COLD has a report request service with a web user interface. To generate a report a report runner service is needed.
Once the report request is made a record is created in the reports.ds collection. The report runner is expected to check that collection and run requested reports keeping the records updated as the reporting running processes proceeds. The final step is to either turn an error message of why the request failed or return the status of "available" with a link to where the report can be viewed or downloaded.
The system is deliberately simple. This is to keep it maintainable, easy for everyone to understand (developers and the people who request reports) and importantly easy to maintain. Report systems tend towards complexity so it is vital that the initial system be as simple as possible but still accomodate bith quick reports and those which may take hours to complete.
The report request process is integrated into the COLD admin UI. That UI lists the requests and includes a form to making a new request. When the report runner picks up a request several things need to happen.
- report status should show that the report request is being processed
- the report request needs to be validated and if their is s problem an error returned the request processed close
If the request is valid then several things need to happen.
- the report definition needs to be retrieved (probably from memory)
- the designated script/program needs to be run
- the output of the script/program (stdout) needs to be read and streamed into a report document at the location specified by the report definition
- as the report executes output should be written to storage and a link generated
- if their is a problem the report process should terminal and the request updated with the status of error and message
- if the report executes successfully the request record should be updated wiht the status of "available" and the link
- if there are email(s) associated with the request a message needs to be sent out with the report name, final status and link if available or error message if not
Reports are programs or scripts (e.g.
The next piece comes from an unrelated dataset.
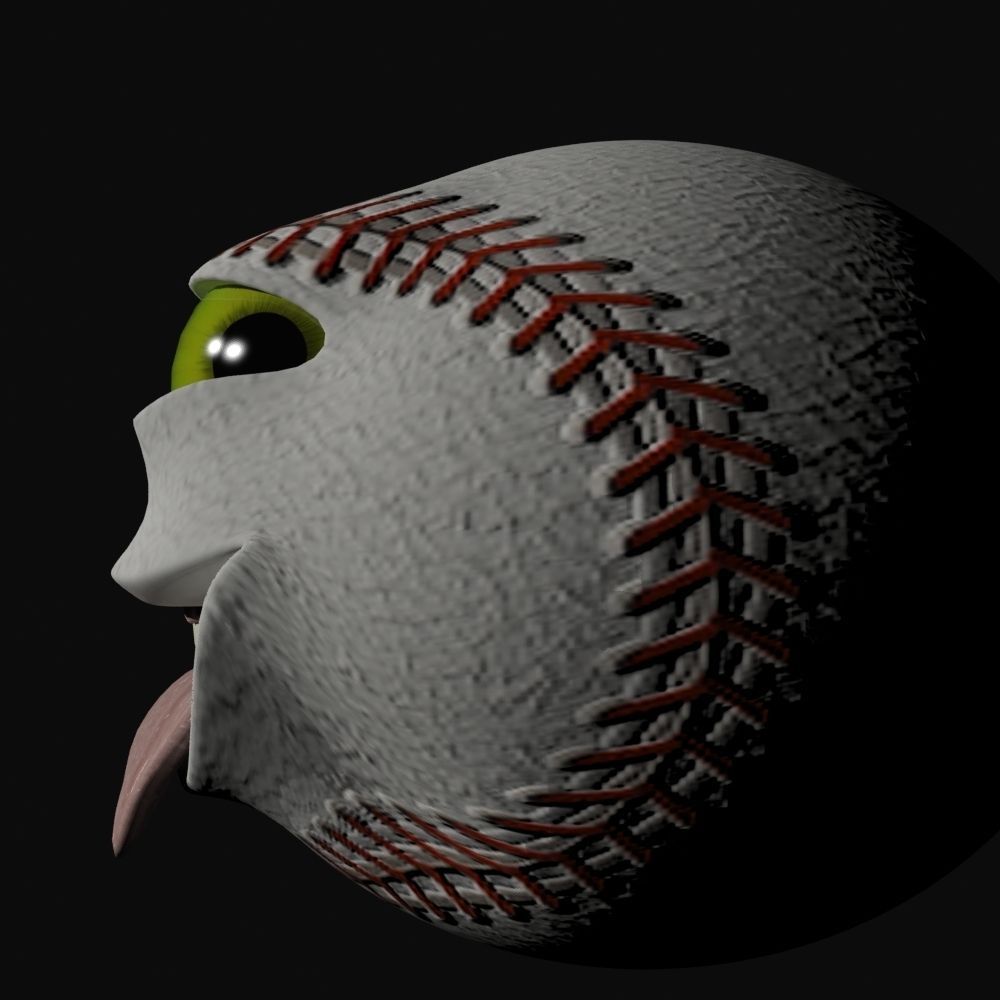 Baseball Character Low-poly 3D model_3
Bash, Python) that write their results to standard output, the runner reads that and takes care of saving the results and contacting the email addresses.
I've prototyped the report runner in TypeScript but am not happy with it. I am deciding if I should write this in Go or give Python a try.
I'm thinking reports could be simple script written in any langauge that write their output to standard out. The runner should be responsible for taking that output and writing it to an appropriate place (e.g. Google Drive).
Originally I was thinking that this should be the responsibility of the report script/program but given the level of complexity dealing with G-Drive I think the runner should be responsible for the final place the report resides.
My current view is a report request would look something like this.
{
"id": "6fec5fbf-5368-5d11-95c7-e2534752e3a5",
"report_name": "generate_people_csv",
"email": "[email protected],[email protected]",
"requested": "2024-10-25T19:37:44.169Z",
"status": "requested",
"link": "",
"updated": "2024-10-25T19:37:44.169Z"
}
The report definition should look more like this.
{
"report_name": "generate_people_csv",
"cmd": "./rpt_people_csv.bash",
"write_url": "s3://feeds.library.caltech.edu/people",
"link_url": "https://feeds.library.caltech.edu/people",
"basename": "people.csv",
"content_type": "text/csv",
"append_timestamp": false,
"options": []
}
The runner would check the report requests, take the requested information and validated it against the predefined reports. It would run the report capturing the output then write it to "write_base" appending the basename, optional timestamp and an file extension associated with the mime type (e.g ".csv" for a "text/csv"). I'm thinking aboutsupporting two storage protocols. They would be "file://", "s3://".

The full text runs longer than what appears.